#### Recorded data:
────
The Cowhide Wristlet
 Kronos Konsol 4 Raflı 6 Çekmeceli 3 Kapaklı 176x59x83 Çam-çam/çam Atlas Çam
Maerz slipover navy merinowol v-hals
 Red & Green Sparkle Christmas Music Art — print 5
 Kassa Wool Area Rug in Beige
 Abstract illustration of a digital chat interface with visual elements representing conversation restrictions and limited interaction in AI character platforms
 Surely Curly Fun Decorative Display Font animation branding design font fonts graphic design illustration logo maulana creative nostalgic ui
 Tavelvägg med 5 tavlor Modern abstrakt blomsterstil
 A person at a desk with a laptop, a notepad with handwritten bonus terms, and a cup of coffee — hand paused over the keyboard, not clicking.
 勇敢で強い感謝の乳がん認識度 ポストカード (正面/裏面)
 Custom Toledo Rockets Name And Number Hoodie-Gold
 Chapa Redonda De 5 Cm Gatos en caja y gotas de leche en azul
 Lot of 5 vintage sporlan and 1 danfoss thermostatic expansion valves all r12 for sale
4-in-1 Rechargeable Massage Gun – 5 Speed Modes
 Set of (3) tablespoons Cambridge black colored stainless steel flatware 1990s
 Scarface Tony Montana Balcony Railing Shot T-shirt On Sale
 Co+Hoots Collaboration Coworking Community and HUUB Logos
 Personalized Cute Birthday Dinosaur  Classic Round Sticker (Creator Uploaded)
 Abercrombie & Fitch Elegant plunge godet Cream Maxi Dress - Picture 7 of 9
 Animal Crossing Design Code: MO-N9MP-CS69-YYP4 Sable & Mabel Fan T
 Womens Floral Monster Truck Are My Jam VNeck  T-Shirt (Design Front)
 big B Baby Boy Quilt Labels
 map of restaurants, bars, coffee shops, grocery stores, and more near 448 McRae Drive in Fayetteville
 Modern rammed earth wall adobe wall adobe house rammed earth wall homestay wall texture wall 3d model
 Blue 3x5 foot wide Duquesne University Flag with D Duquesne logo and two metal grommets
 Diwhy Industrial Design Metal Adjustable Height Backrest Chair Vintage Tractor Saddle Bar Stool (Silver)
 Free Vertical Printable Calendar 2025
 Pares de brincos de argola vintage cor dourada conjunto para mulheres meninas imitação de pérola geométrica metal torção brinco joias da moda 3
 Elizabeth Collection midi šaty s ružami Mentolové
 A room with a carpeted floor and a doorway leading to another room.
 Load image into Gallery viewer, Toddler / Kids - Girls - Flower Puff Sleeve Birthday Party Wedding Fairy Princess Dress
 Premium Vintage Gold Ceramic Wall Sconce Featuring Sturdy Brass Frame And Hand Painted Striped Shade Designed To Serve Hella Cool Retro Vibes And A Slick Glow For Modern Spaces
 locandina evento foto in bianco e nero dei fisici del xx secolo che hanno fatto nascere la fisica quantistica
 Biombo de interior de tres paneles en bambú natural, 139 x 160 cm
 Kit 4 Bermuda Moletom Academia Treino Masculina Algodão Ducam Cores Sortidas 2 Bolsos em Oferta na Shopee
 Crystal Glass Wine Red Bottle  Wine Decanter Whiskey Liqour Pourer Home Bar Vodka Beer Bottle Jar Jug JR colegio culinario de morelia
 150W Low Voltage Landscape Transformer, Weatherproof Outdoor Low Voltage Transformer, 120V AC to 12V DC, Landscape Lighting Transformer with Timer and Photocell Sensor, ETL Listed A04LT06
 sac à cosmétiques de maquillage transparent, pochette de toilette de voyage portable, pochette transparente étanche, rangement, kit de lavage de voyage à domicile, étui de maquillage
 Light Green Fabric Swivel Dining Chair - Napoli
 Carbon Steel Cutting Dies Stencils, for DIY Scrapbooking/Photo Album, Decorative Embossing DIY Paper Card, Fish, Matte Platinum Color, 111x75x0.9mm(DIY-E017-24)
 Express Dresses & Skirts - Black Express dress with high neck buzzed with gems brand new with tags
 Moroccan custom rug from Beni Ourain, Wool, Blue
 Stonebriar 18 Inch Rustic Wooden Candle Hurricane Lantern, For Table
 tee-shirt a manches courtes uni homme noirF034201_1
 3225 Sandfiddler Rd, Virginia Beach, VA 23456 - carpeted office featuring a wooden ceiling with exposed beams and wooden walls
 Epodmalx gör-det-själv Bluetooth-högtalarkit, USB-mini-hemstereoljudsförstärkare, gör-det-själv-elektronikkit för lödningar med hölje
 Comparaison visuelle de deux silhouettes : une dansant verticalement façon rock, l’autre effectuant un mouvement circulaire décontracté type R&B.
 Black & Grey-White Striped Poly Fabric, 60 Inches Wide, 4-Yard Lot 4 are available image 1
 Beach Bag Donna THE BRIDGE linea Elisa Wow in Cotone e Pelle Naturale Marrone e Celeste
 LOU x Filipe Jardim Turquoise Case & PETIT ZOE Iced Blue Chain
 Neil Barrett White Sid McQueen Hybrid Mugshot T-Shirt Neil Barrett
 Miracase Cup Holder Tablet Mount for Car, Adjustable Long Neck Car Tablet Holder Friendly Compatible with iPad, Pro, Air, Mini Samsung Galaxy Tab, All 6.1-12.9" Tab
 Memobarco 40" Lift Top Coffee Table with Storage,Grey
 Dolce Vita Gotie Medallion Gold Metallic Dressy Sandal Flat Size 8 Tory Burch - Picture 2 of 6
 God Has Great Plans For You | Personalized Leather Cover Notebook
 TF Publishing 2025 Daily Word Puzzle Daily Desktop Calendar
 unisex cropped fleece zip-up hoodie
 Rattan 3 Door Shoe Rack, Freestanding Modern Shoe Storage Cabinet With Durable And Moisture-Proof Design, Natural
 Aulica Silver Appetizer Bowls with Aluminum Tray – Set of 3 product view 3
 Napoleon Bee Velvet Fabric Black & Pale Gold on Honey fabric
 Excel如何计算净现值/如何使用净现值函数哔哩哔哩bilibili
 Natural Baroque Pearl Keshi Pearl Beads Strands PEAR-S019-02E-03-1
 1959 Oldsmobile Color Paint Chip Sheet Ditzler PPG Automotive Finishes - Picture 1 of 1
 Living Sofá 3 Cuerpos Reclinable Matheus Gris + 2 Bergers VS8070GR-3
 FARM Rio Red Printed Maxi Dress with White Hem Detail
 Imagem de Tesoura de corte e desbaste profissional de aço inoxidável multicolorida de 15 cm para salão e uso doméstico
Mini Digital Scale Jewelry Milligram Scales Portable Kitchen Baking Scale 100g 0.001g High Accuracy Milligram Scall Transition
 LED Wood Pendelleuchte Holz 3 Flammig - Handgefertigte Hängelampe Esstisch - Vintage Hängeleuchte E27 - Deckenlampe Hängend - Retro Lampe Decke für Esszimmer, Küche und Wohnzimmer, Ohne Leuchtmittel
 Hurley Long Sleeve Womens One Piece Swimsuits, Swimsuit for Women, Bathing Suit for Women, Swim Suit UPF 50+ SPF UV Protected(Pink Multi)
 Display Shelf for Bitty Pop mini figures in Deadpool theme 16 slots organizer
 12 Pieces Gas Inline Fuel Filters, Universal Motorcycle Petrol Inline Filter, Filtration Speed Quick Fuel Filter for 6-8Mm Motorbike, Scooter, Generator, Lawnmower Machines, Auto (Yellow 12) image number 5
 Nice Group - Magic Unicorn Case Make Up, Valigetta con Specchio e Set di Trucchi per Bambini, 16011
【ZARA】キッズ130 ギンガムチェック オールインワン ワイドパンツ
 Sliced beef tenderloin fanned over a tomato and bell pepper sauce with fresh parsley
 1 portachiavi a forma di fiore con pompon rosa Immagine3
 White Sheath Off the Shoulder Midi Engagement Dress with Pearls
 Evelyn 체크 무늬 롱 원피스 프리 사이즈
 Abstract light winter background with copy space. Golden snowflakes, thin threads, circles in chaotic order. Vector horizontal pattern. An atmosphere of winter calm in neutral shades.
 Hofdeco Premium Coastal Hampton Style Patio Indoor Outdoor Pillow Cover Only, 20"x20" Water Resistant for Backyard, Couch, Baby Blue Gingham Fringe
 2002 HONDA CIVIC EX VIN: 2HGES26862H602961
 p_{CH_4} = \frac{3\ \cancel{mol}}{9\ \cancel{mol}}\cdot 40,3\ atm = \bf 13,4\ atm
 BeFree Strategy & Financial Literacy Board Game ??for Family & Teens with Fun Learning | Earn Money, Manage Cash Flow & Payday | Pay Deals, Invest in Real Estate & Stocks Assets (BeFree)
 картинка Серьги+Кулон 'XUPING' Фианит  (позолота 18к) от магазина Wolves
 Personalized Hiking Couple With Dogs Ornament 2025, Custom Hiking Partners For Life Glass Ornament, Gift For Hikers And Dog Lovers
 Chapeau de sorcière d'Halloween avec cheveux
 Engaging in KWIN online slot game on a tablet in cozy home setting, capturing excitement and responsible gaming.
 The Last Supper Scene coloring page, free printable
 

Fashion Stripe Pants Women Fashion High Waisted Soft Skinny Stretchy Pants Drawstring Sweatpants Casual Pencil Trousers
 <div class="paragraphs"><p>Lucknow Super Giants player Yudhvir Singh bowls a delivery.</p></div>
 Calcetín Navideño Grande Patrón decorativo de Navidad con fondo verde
────
#### To do:
In the data above, which lines lie between the line with "Rattan 3 Door" and the line with "Natural Baroque Pearl", inclusive? Print those lines exactly and nothing else.

#### Response to this task:
 Rattan 3 Door Shoe Rack, Freestanding Modern Shoe Storage Cabinet With Durable And Moisture-Proof Design, Natural
 Aulica Silver Appetizer Bowls with Aluminum Tray – Set of 3 product view 3
 Napoleon Bee Velvet Fabric Black & Pale Gold on Honey fabric
 Excel如何计算净现值/如何使用净现值函数哔哩哔哩bilibili
 Natural Baroque Pearl Keshi Pearl Beads Strands PEAR-S019-02E-03-1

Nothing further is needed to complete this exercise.